Before Monday morning’s police eviction, Zuccotti Park was choked with tents of all kinds and colors and with all kinds of writing and decoration.
There were small one-man tents, dome tents, family sleepers, and military tents — sometimes piled nearly one on top of another. Handmade signs hung everywhere, from the declarative: “Autonomy” to the jaded “Election day sale! Buy one politician, Get one FREE!” to the witty ”20 years ago we had/Steve Jobs/Bob Hope/Johnny Cash/Now we have/No Jobs/No Hope/No Cash”.
You could barely commute around Zuccotti for how jammed with tents it was, though little walkways, demarcated by tape, were mostly kept clear.
It was a little city within the Big City, with its own library, medical center (often staffed by volunteer nurses and doctors), information center, a common kitchen dispensing thousand of meals a day, and even its own tough neighborhood — the West Side. People filled the walkways and sidewalks surrounding the occupation day and night. They ate, chatted, held spontaneous teach-ins and occasionally nasty fights.
There was nearly always a chess game going on a dedicated chess table. General Assembly-style meetings, a radical democratic institution focused on consensus, could spring up spontaneously around any kind of group decision or disagreement.

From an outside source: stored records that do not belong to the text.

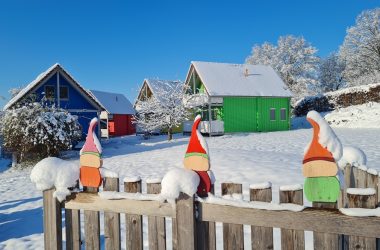 2026 Feriendorf Nehmeier im Winter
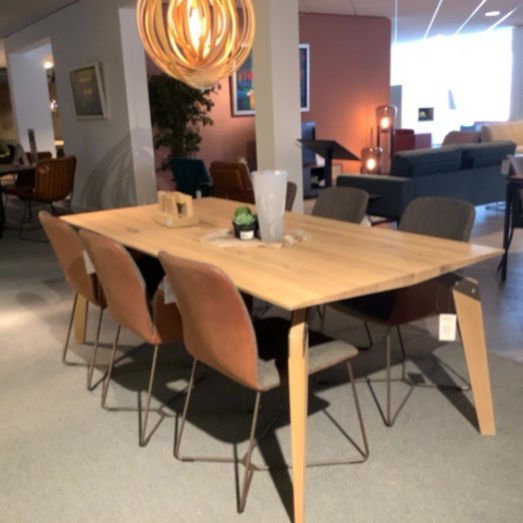 Image 1 of bert plantagie Nando eettafel - 220x100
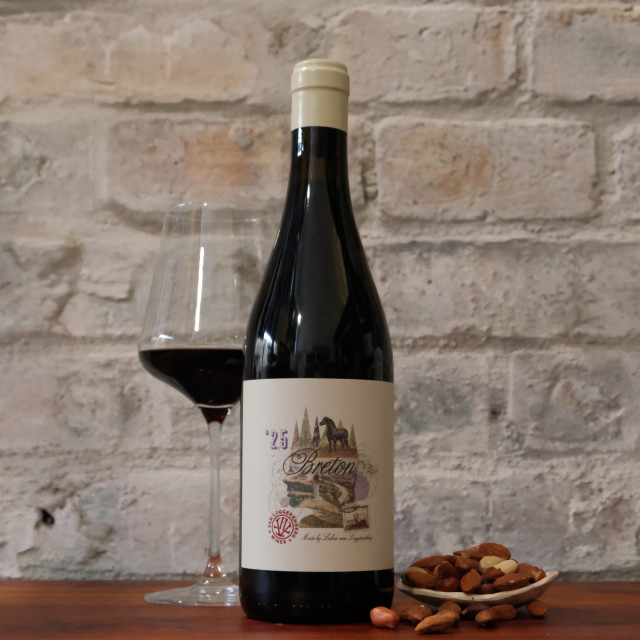Van Loggerenberg Breton Cabernet Franc 2025, 750ml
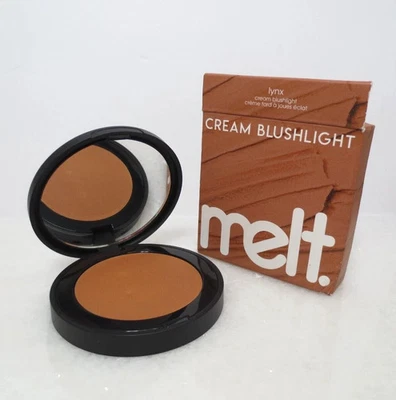 MELT COSMETICS CREAM BLUSHLIGHT ~ LYNX ~ FULL SIZE (4.5g / 0.14 oz) ~ NEW IN BOX - Image 1 of 4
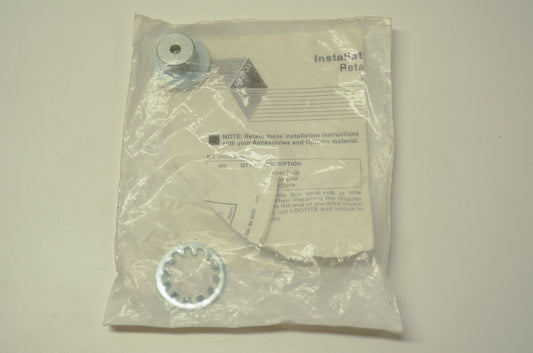 OEM Arctic Cat 0637-028 Retainer Plug Kit NOS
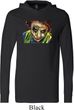 Joker Face Lightweight Hoodie Tee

Last Saturday evening OWS participant Tim Fitzgerald, a 27-year-old IT worker, stood overlooking the park, facing the west, after a particularly difficult GA that had brought up a lot of the tough social issues around occupation.
“It’s not fair that we have to deal with all the problems of the world in this little park, but that’s the task that we’re faced with,” he said, referring to the class divide between the occupiers, many of whom were the indigent, mentally ill, and even sometimes criminals.
Their presence in America’s cities has been decried by mayors for decades, and when they’re part of an Occupy, used as the reason for evictions of the encampments, but they are part of the occupation nonetheless.
“We don’t have anything without them,” said Fitzgerald. “They hold down this place.”
Though often lacking in social skills, the West Siders proved to be the ones with the survival skills and grit to take life in the tent city — they are the full-timers, and many are as committed to political change as the activists. The part-timers, like Fitzgerald, would come in the evening, spend the night once or twice a week (if at all), and often attend a lot of working group meetings and GAs.